December 23, 2020
Toronto Star
By Betsy Powell, Crime Reporter

Musicians charged in date-rape case

Guitarists with Norwegian black metal band Satyricon
Woman complains of attack on tour bus after FunHaus show

  Two touring musicians with the Norwegian black metal band Satyricon are scheduled to make a Christmas Eve appearance at Old City Hall via video after being charged with giving a fan a date-rape drug and sexually assaulting her in a tour bus following a Dec. 15 concert.

Steinar Gundersen, 34, and Arnt Gronbech, 27, have each been charged with administering a stupefying drug and sexual assault, Constable Kristine Bacharach said yesterday. A woman contacted police at 4:30 a.m., hours after the show at the FunHaus at 526 Queen St. W. Bacharach did not know the age of the complainant.

The two men have already appeared in court and were ordered detained pending a bail review or preliminary hearing, a court official said.

"They intend to vigourously defend themselves on this, and they look forward to the opportunity to present all the relevant facts at the appropriate time in the appropriate forum," said Toronto defence lawyer Jody Berkes. Norway's ambassador to Canada, Ingvard Havnen, said yesterday the two men have received help through diplomatic channels. "We provide assistance to Norwegians in Canada and we are assisting in providing them (the two accused) with a lawyer," he said yesterday.

"This thing will have to take its regular turn through the Canadian judicial system and we will provide any help needed." While he had never heard of Satyricon before the arrests, the incident has generated headlines in some Norwegian media outlets.

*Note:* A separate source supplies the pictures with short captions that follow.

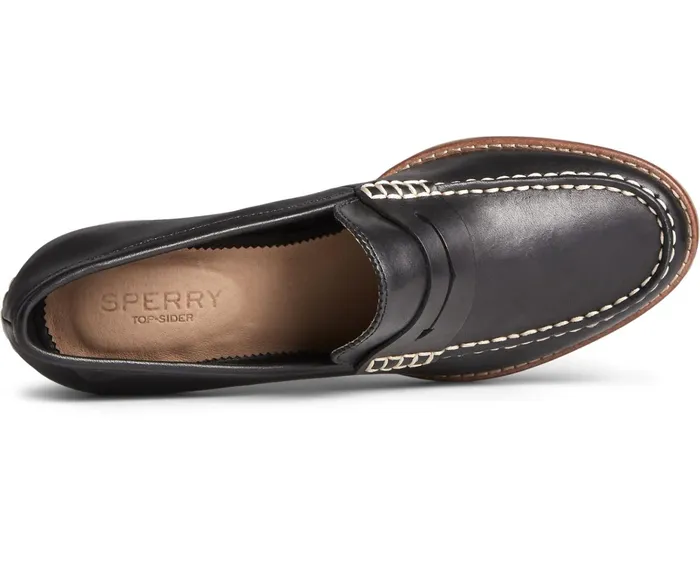 Women Seaport Penny Heel Leather Loafer Black Sperry Flats and Loafers Women Seaport Penny Heel Leather Loafer Black Sperry Flats and Loafers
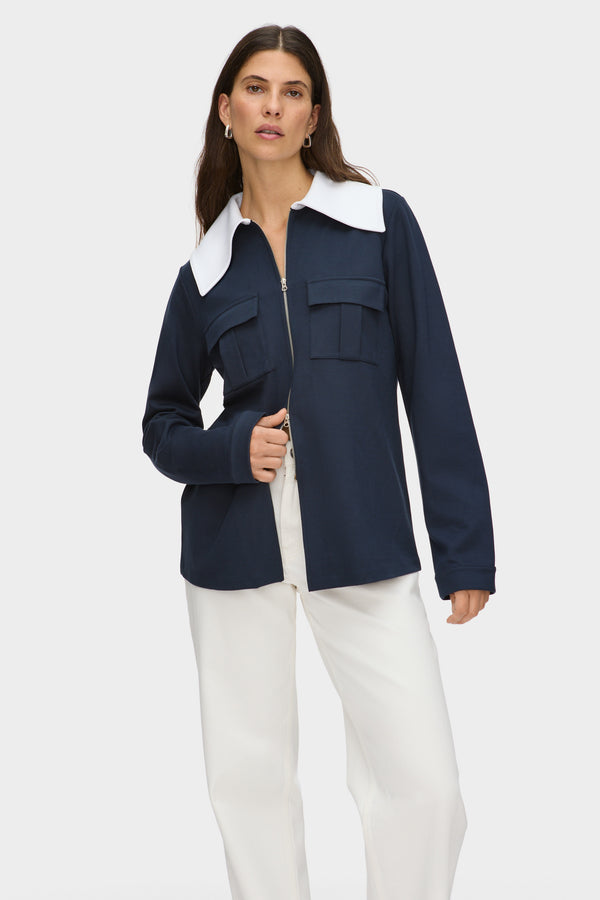 aligne ALIGNE Ponte Collar Jacket - Blue | Tam OUTERWEAR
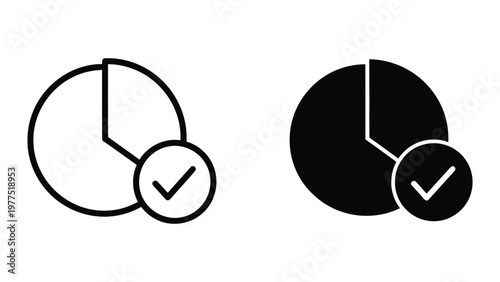 Comparison of pie charts with different fill styles and checkmark validation indicators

"Norway is a small country and they are very well-known among heavy-metal fans," said a journalist for the Norwegian afternoon newspaper Aftenposten in Oslo, the country's capital.

The two guitarists are session/touring musicians and not full-time members of the band. Satyricon is made up of duo Sigurd Wongraven (Satyr) and Kjetil Haraldstad (Frost), veterans of the Scandinavian black metal music scene.

"They would be part of an extreme metal sub-genre called black metal ... it's very fast, very violent," said Albert Mudrian, editor of Philadelphia-based Decibel Magazine, a publication covering "extreme" music.

Mudrian said he believes the group has evolved from the early 1990s, when black metal bands were a media sensation in Norway, known for inspiring outrageous acts like burning churches.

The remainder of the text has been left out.